The reigning European champions progressed from Group C as group winners and were paired with France after the 1998 world champions suffered a shock 2-0 loss to Sweden in their final group game, a result which saw them finish as runners-up to England in Group D.
“We know the equality there is in the competition. Any team is difficult but France are playing well and have a good team”, Del Bosque told Radio Marca.
“They have made changes that have got results. They have got the formula right and Karim Benzema, Hatem Ben Arfa, Samir Nasri, Florent Malouda and Franck Ribery are all very good players”.
He continued, “What I don’t want is this Spanish custom that we don’t have to be careful of the opponent. It is a huge match, a match that appeals to everyone.
“We have time to think about the team we will pick on Saturday and we will adopt the line-up we believe will be the best.”

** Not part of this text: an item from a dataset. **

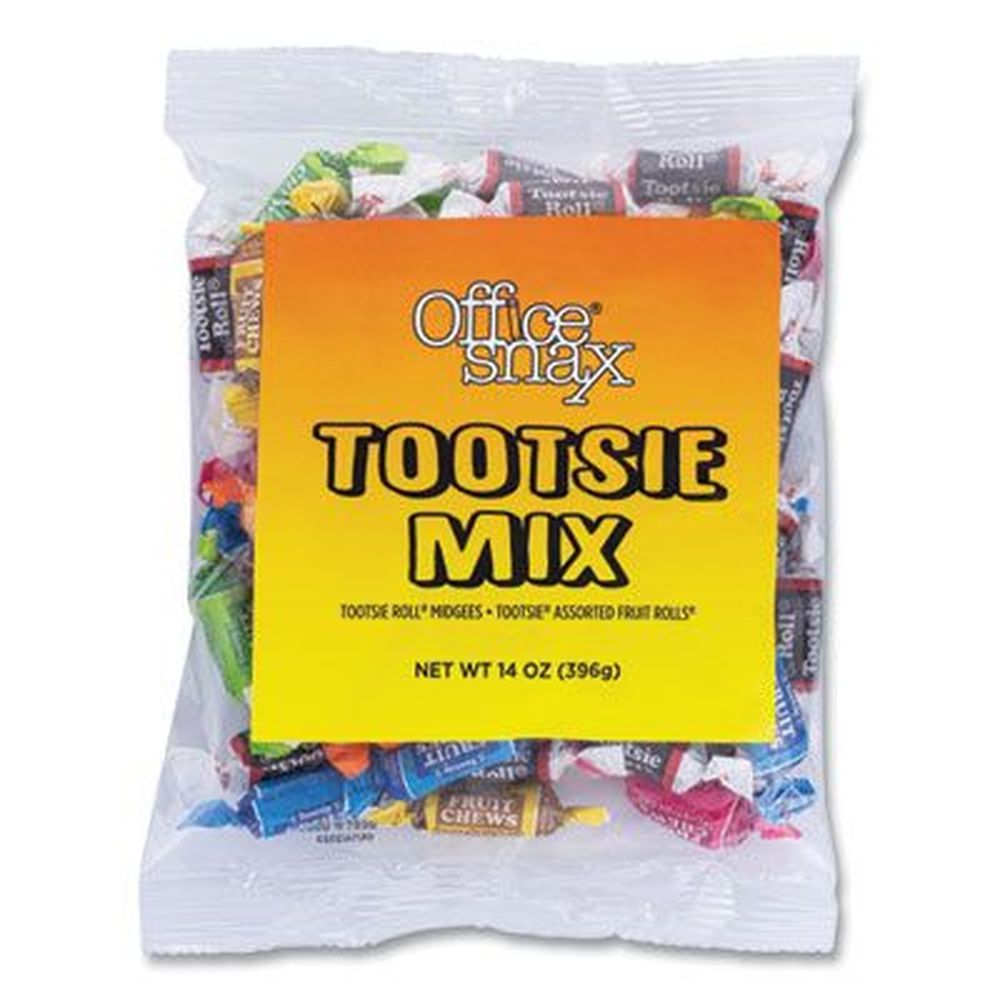Office Snax Assorted Tootsie Roll Candy, 14 Ounce Bag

Highly praised for their 4-0 drubbing of the Republic of Ireland, Spain were less convincing in their final group game against Croatia, just edging past Slaven Bilic’s side thanks to a late goal from substitute Jesus Navas.
Yet, Del Bosque was very defensive of his side’s display against the Croatians claiming they dominated more, though, he did concede that in attack they did lack penetration.
“We had 70% of possession, we shot on goal 16 or 17 times and they had only seven or eight attempts,” he said. “We dominated more than Croatia and we didn’t play badly. We weren’t as bad as it appeared to me at the time.
“It was an awkward game for us. We had a lot of compliments rained down on us the week before and there was a stream of comments that we were superior to the rest.
“The conservatism that sometimes doesn’t lead to great football could have cost us and possibly we didn’t have a lot of penetration but in defence we were pretty good.”